Anybody out there with ideas...hints...warnings...? Just starting my research...

Thanks...


----------



## DonkeyHody (Jan 22, 2015)

I don't know nothin about purple martins, but I can tell you this. Birds are addictive. It starts out innocent enough; you're just gonna put up a house for them to live in. Then, you're just gonna put out a little food so they don't have to work quite so hard to make a living. The food gives you a chance to watch them closer and get to know them. Before you know it, the hook is stet deep and you're a certified bird-nut. Next thing you know, you're delaying the purchase of some woodworking tool so you can afford bird food. I tell ya' friend, it's a slippery slope. Me, I don't have it too bad. "I can quit anytime I want to, I just don't want to."


----------



## harrysin (Jan 15, 2007)

Nick, you may get some ideas by checking out fellow member John's web site. John produces some absolutely amazing bird houses, most more like bird hotels!

Extreme Birdhouse


----------



## Nickp (Dec 4, 2012)

DonkeyHody said:


> I don't know nothin about purple martins, but I can tell you this. Birds are addictive. It starts out innocent enough; you're just gonna put up a house for them to live in. Then, you're just gonna put out a little food so they don't have to work quite so hard to make a living. The food gives you a chance to watch them closer and get to know them. Before you know it, the hook is stet deep and you're a certified bird-nut. Next thing you know, you're delaying the purchase of some woodworking tool so you can afford bird food. I tell ya' friend, it's a slippery slope. Me, I don't have it too bad. "I can quit anytime I want to, I just don't want to."
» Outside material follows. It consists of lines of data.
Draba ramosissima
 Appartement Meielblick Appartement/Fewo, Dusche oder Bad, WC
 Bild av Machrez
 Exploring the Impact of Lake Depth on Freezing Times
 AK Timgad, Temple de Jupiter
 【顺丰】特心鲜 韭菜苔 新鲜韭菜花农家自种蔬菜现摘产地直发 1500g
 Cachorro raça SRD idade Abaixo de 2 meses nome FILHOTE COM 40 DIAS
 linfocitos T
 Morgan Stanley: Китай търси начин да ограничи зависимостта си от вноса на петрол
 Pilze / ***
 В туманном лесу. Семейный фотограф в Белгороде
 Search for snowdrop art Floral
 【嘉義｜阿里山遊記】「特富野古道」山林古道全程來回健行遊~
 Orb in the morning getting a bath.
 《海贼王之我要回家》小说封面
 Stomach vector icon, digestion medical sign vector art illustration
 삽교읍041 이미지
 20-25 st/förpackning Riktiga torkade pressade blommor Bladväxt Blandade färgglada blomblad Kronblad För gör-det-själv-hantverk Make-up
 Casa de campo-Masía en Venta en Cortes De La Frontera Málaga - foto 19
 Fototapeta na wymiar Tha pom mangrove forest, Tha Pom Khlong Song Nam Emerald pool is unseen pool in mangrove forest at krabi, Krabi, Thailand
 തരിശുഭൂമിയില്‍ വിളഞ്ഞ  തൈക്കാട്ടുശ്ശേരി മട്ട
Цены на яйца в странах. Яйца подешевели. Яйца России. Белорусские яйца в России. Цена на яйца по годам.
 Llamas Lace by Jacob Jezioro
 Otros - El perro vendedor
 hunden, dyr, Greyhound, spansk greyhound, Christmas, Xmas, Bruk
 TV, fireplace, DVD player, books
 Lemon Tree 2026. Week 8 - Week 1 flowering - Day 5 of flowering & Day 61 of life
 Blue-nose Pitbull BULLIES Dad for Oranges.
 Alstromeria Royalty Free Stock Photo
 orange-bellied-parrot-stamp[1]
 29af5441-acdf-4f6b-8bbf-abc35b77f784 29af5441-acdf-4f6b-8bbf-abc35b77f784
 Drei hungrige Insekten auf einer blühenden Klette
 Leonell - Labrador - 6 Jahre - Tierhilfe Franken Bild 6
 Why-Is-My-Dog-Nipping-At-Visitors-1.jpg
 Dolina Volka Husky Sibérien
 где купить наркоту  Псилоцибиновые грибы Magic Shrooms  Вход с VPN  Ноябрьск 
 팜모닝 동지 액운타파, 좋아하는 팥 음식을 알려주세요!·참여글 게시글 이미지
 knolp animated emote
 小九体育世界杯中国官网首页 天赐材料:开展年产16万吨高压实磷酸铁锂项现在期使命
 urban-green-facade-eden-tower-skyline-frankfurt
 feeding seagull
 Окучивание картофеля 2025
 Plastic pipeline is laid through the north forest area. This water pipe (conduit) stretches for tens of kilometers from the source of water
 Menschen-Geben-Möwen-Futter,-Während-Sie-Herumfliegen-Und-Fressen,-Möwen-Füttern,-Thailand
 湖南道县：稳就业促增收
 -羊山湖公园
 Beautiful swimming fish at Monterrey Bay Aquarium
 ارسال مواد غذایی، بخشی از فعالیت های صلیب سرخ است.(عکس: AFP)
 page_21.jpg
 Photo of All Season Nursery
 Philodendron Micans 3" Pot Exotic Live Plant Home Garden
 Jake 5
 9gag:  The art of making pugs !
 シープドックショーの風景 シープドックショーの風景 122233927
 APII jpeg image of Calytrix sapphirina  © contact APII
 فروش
Thanks, Andy...LMAO...got the picture...

Good thing is I won't be doing the checking or counting...I'm in it for the party...I don't even know what a Purple Martin is...I remember Uncle Martin, but he was green as I recall...

Warning appreciated...gonna go out and buy a tool just to celebrate...any tool...


----------



## Nickp (Dec 4, 2012)

harrysin said:


> Nick, you may get some ideas by checking out fellow member John's web site. John produces some absolutely amazing bird houses, most more like bird hotels!
> 
> Extreme Birdhouse


Thanks, Harry...they're beautiful...I don't think I'm going quite that far...I still have lots of "gotta-do's" before getting over-involved (reference Andy's slippery slope)...


----------



## DonkeyHody (Jan 22, 2015)

Nickp said:


> Thanks, Andy...LMAO...got the picture...
> 
> Good thing is I won't be doing the checking or counting...I'm in it for the party...I don't even know what a Purple Martin is...I remember Uncle Martin, but he was green as I recall...
> 
> Warning appreciated...gonna go out and buy a tool just to celebrate...any tool...


There ya' go. Better to feed the obsession you already have than to add another.


----------



## Stick486 (Jan 4, 2013)

Nickp said:


> At my yacht club meeting last night we decided to build Purple Martin houses for one of our many social events...
> 
> The idea is to take the next four weeks to build one, show up for house install some Saturday evening, put up the built houses and then go partying...
> 
> ...



good site...
http://www.purplemartin.net/
ventilate the core of the house and every cubby to the core at the top of the back wall of the chubby..
down sloped slats instead of a solid deck... clears rain water/droppings better... 
drain holes in the deck work..
make sure you can lower the house fore cleaning...


----------



## cranbrook2 (Nov 7, 2005)

Nickp said:


> At my yacht club meeting last night we decided to build Purple Martin houses for one of our many social events...
> 
> The idea is to take the next four weeks to build one, show up for house install some Saturday evening, put up the built houses and then go partying...
> 
> ...



A few things about Martins , they don't like being close to people . They will dive down at them if they are close by , Their houses have to be at least 12 ft in the air and need to be clean every year . Their entrance is between 2" - 2 1/4"


----------



## harrysin (Jan 15, 2007)

It's good to hear from you John, I hope that business is booming and that your health is in good shape.


----------